Directions for this task: Pictures in the material below are to be left out, and only the lines from the line with "比歼20还早1年首飞，首架量产型苏57快服役，7年要造76架" up to and including the line with "Трубка топливная" are to be written out exactly.

Data to examine:

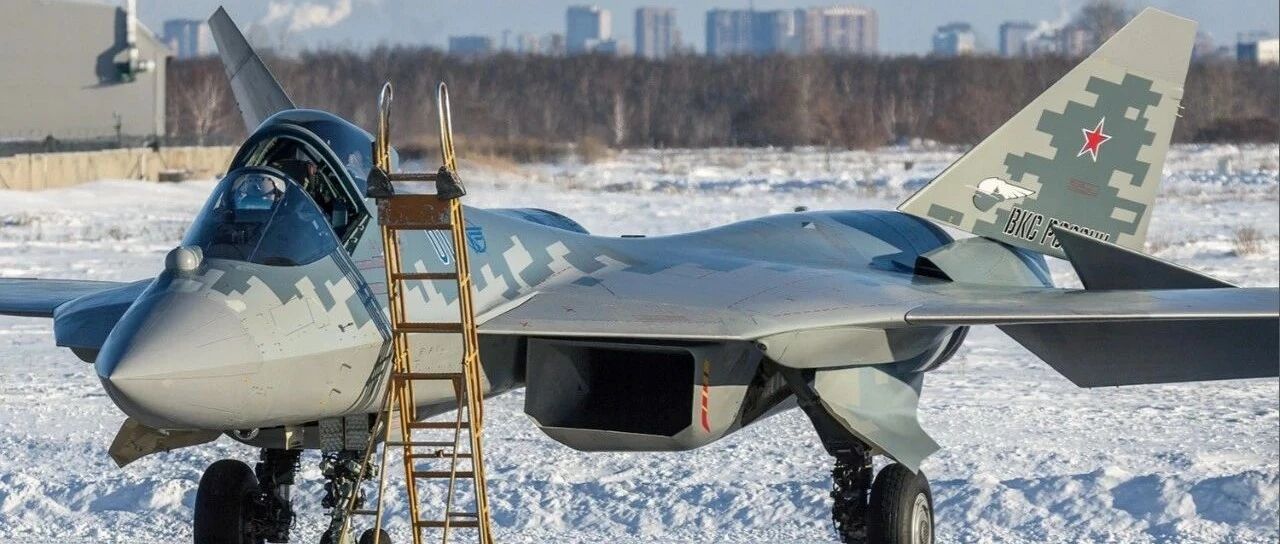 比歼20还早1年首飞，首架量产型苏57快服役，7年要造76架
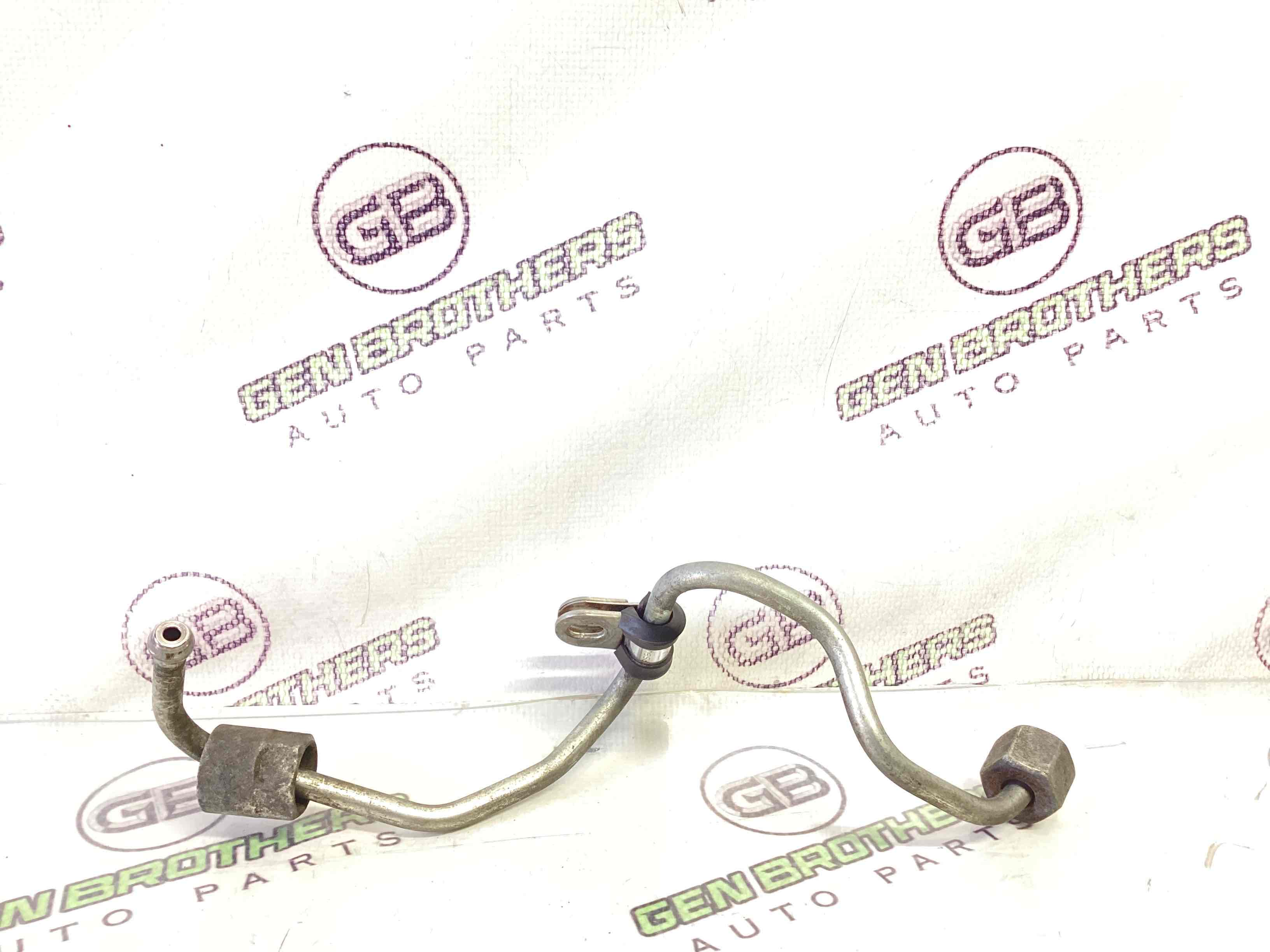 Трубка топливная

---

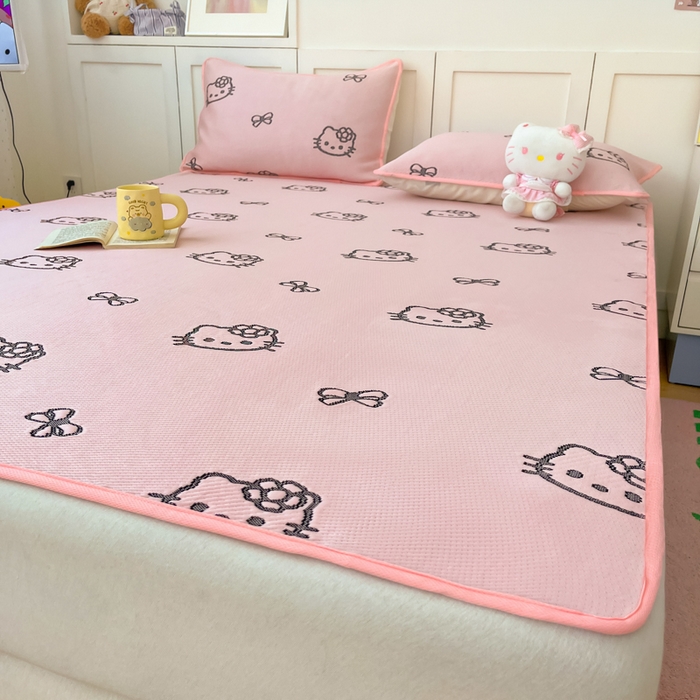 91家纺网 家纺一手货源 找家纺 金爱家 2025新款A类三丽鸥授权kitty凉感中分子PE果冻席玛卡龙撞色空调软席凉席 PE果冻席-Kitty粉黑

Solution to this problem:
 比歼20还早1年首飞，首架量产型苏57快服役，7年要造76架
 Трубка топливная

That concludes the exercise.